Scaling the peaks of Hacker News

Daniele Procida

Aug. 19, 2016

Divio Aldryn Cloud - Scaling the Peaks of Hacker News

In recent months, we’ve found ourselves at the very top of Hacker News a few times. It’s impossible to know when it’s going to happen, but every so often interest gathering around something we have done or written will send it climbing to the top of first page - the first thing that a few hundred thousand daily programmer visitors will read about, and visit.

On those days, our web analytics graphs redraw all their vertical scales, and look like the fantasies of a sadist planning a mountain stage in a bicycle race.

It’s fun to have 15 minutes (or 24 hours) of Internet fame, and it also gives your web servers a good workout - a nice real-life performance test. We can watch the requests pour in, and the load balancers responding. As the traffic continues to climb, we see the system scaling to meet demand, launching more application instances - two, four, eight or even more - so that response times remain exactly the same, no matter how many requests we receive each second.

Response times remain low despite the climbing load

 

Business as usual

Our website is hosted, just like our customers’ sites, on our Aldryn Cloud platform. Aldryn was made for this - if it failed to meet this kind of demand, that would be embarrassing indeed.

A platform like Aldryn is expected to be able to ramp up resource allocations smoothly and automatically to meet anything that’s thrown at the websites its hosts, even if the traffic it receives multiplies hundreds or thousands of times over just a couple of hours, and to scale back down again afterwards, because after all, these resources cost money.

So in a way, even a day out on Hacker News is just business as usual, as far as handling web traffic is concerned. Automatic, flexible and massively scalable hosting is now what people expect by default.

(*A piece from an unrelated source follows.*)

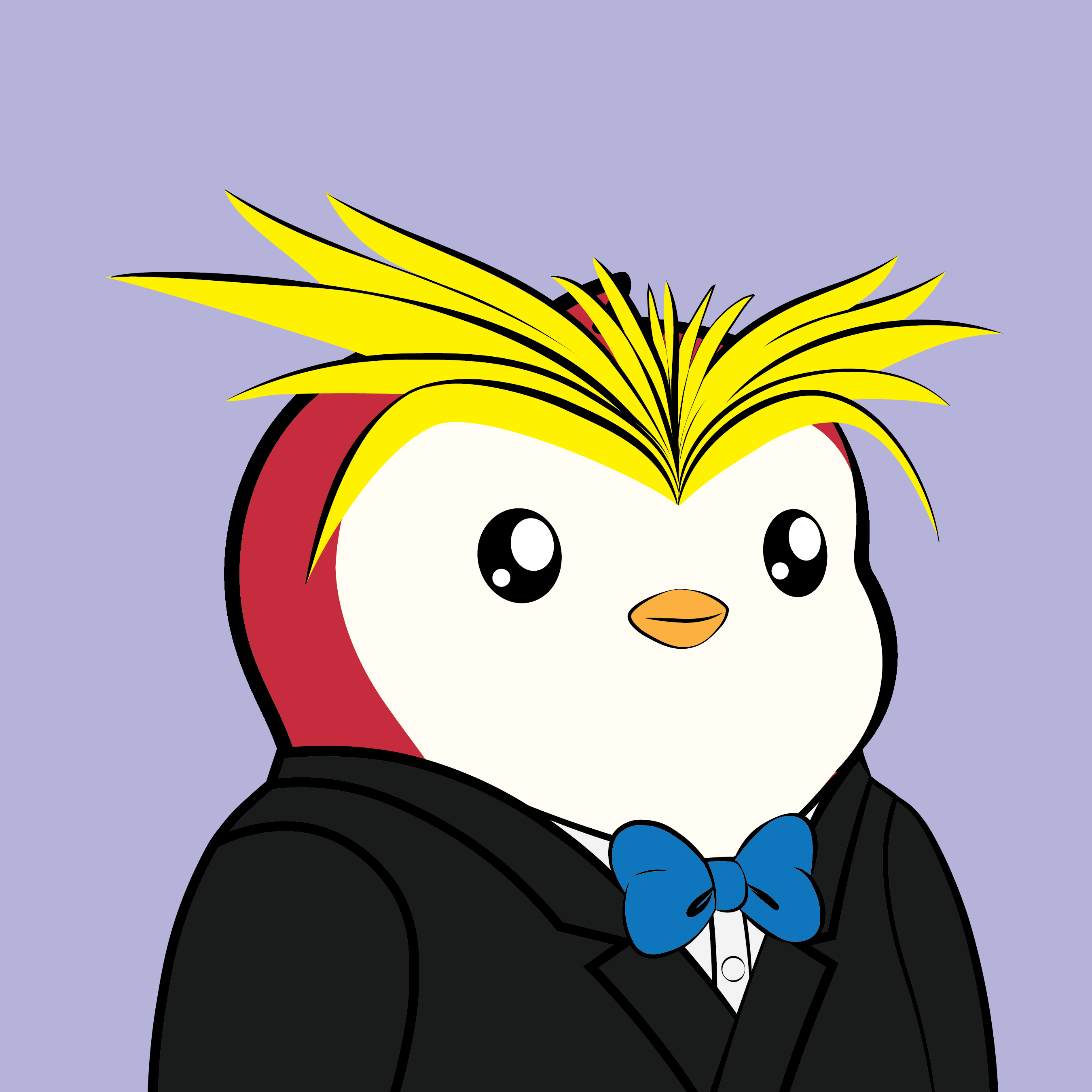 Pudgy Penguins - Pudgy Penguins - Pudgy Penguin #8662 - NFT # 8662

A thousand new websites in four hours

Sometimes, however, what gets to pole position on Hacker News doesn’t just send more visitors to our website to read a news item. If the news item is about a major new release of django CMS for example, it will invite readers to try out a new demo, and often a very large proportion of our visitors will take up the invitation.

A django CMS live demo isn’t just a few pages on our website. Each instance is a new installation, a complete system. They are containerised Ubuntu systems running in Docker, and each one has to be deployed. A deployment creates new Docker containers, building each from standard and custom images, and finally hooking it into our deployment architecture so that the django CMS instance it hosts can be made available on the web.

Every single visitor who hits the Try a live demo link gets their own individual demo site, running on its own containerised operating system.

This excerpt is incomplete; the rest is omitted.